Quando o Discípulo pergunta:
"O que é aquilo que devo abandonar?", o Mestre responde que todos os
amores parciais devem ser abandonados em favor do amor de Cristo, pois "no
amor há certa grandeza e amplitude de coração que é inexprimível". Neste
amor "a pessoa não pode ter vontade alguma de amigos espirituais e
relacionamentos, que estão todos enraizados juntos com ela no amor que vem de
cima".
"A virtude do amor é NADA e
TUDO, ou aquele nada visível de onde procedem todas as coisas; seu poder está
em todas as coisas; sua altura é a de Deus; sua grandeza é tão grande como
Deus. Sua virtude é o princípio de todos os princípios; seu poder sustenta os
céus e mantém a terra; sua altura é mais alta do que os mais altos céus; e sua
grandeza é até maior do que a própria manifestação da Divindade na luz gloriosa
da essência divina, sendo infinitamente capaz de manifestações cada vez maiores
em toda a eternidade. O que mais posso dizer? O amor é mais alto do que o mais
alto. Sim, de certa forma é maior do que Deus; embora no sentido maior de
todos, Deus é AMOR, e amor é Deus. Sendo o Amor o princípio mais alto, é a
virtude de todas as virtudes, pois elas derivam dele. Sendo o Amor a maior
majestade, é o poder de todos os poderes, pois a partir dele eles operam
variadamente. E é a raiz mágica e santa, ou o poder espiritual de onde todas as
maravilhas de Deus foram produzidas pelas mãos de seus servos eleitos, em todas
as suas gerações sucessivas. Quem quer que descubra isso, descobre todas as
coisas".
O Discípulo, tendo aprendido que
a sabedoria do mundo é loucura quando comparada à sabedoria divina, pergunta
como a luz da sabedoria inferior deve ser usada. O Mestre responde que "em
tua alma existem duas vontades, uma inferior, para te levar para as coisas
externas e inferiores, e uma vontade superior, que te leva para as coisas
internas e superiores". Estas duas se colocam uma contra a outra no homem
não-regenerado. Similarmente, a alma tem dois olhos, que encontram sua imagem
nos olhos da forma física.
"O olho direito busca em ti
à frente, na eternidade. O olho esquerdo em ti procura atrás, no tempo".

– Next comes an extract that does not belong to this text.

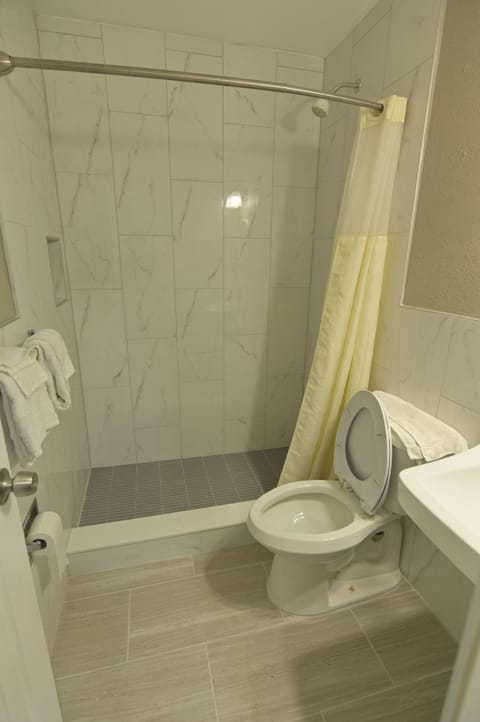 Combined shower/tub, free toiletries, hair dryer, towels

Assim como "devemos aprender
a distinguir bem entre a coisa e aquilo que é só uma imagem sua", devemos
sacrificar a vontade inferior à vontade divina da qual ela é a imagem. Então os
dois olhos podem se fundir numa unidade de visão na qual contemplamos "com
o olho da eternidade as coisas eternas" e "com o olho das coisas
naturais, e ambos contemplando assim as maravilhas de Deus, e com isso
sustentando a vida do veículo externo ou corpo". Nas palavras do
'Evangelho de Mateus', "A luz do corpo é o olho: se portanto tiveres só um
olho, todo o teu corpo ficará cheio de luz".

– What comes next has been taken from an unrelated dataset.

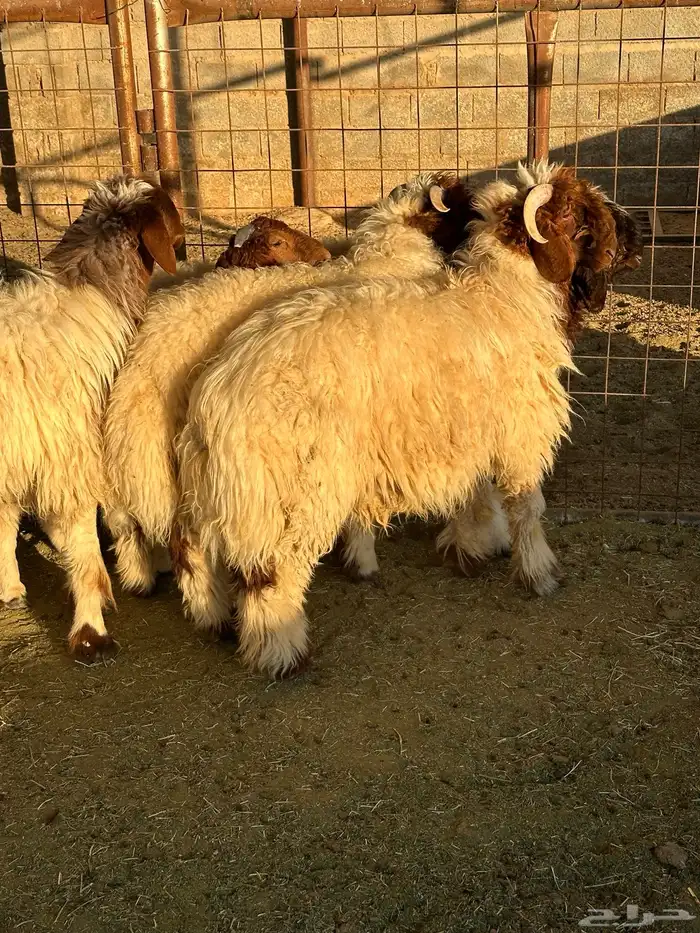 مشروع فحل نعيم 4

Tendo instruído seu Discípulo de
que "Tudo está na vontade", o Mestre adverte:
"... quando o corpo
terrestre perece, então a alma deverá ser aprisionada na mesma coisa que tiver
recebido e deixado entrar; e se não deixares entrar a luz de Deus, sendo
privado da luz deste mundo, não poderá senão se encontrar em uma prisão
escura".
A alma iluminada, tanto na morte
como na vida, transcende as condições de lugar e tempo, pois sua luz é a luz
primordial que vela o mistério daquele Sem-raiz que está além da deidade.
A despeito de virulenta oposição,
os ensinamentos deste homem de visão que penetrou no cerne universal do pensamento
Cristão se espalharam rapidamente pela Europa e Inglaterra. Eles indicaram o
caminho em direção a uma percepção da verdade e a uma devoção ao divino que
transcendeu o dogma e a intolerância das igrejas, atravessou as superstições e
embelezamentos da teologia, e abriu o livro da Natureza tríplice onde o Eterno
incessantemente inscreve suas palavras.